[Opening Data extract section]
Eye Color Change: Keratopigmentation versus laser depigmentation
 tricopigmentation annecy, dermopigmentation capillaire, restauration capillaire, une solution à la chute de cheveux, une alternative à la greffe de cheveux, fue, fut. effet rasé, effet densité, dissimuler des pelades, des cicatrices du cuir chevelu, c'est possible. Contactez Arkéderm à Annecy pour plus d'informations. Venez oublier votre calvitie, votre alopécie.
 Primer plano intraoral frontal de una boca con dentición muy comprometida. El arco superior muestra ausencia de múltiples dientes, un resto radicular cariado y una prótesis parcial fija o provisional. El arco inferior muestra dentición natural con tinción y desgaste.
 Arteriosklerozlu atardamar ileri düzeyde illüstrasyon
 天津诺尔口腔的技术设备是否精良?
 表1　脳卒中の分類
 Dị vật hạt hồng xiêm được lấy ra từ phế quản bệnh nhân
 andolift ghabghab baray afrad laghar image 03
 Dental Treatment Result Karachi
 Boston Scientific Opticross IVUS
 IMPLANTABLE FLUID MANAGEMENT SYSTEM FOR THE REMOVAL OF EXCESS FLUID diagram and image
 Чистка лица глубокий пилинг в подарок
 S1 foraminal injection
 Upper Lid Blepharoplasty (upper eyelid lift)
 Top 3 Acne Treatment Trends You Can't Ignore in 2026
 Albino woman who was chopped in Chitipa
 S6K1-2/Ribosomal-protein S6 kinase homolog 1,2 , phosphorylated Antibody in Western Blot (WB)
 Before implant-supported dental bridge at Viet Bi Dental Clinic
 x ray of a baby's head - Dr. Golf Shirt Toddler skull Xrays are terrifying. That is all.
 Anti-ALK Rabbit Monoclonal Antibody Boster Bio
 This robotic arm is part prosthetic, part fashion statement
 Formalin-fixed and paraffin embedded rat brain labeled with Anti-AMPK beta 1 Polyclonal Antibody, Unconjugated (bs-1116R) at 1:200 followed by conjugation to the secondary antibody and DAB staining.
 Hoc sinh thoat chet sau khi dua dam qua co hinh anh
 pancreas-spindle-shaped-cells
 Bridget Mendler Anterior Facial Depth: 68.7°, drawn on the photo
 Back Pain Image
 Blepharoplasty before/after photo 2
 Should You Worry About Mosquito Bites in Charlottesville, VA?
[Closing Data extract section]
Description of the task » Return, unchanged, the run of lines above that opens with the line containing "Boston Scientific Opticross IVUS" and closes with the line containing "Upper Lid Blepharoplasty (upper eyelid lift)". Include both.

Written answer »
 Boston Scientific Opticross IVUS
 IMPLANTABLE FLUID MANAGEMENT SYSTEM FOR THE REMOVAL OF EXCESS FLUID diagram and image
 Чистка лица глубокий пилинг в подарок
 S1 foraminal injection
 Upper Lid Blepharoplasty (upper eyelid lift)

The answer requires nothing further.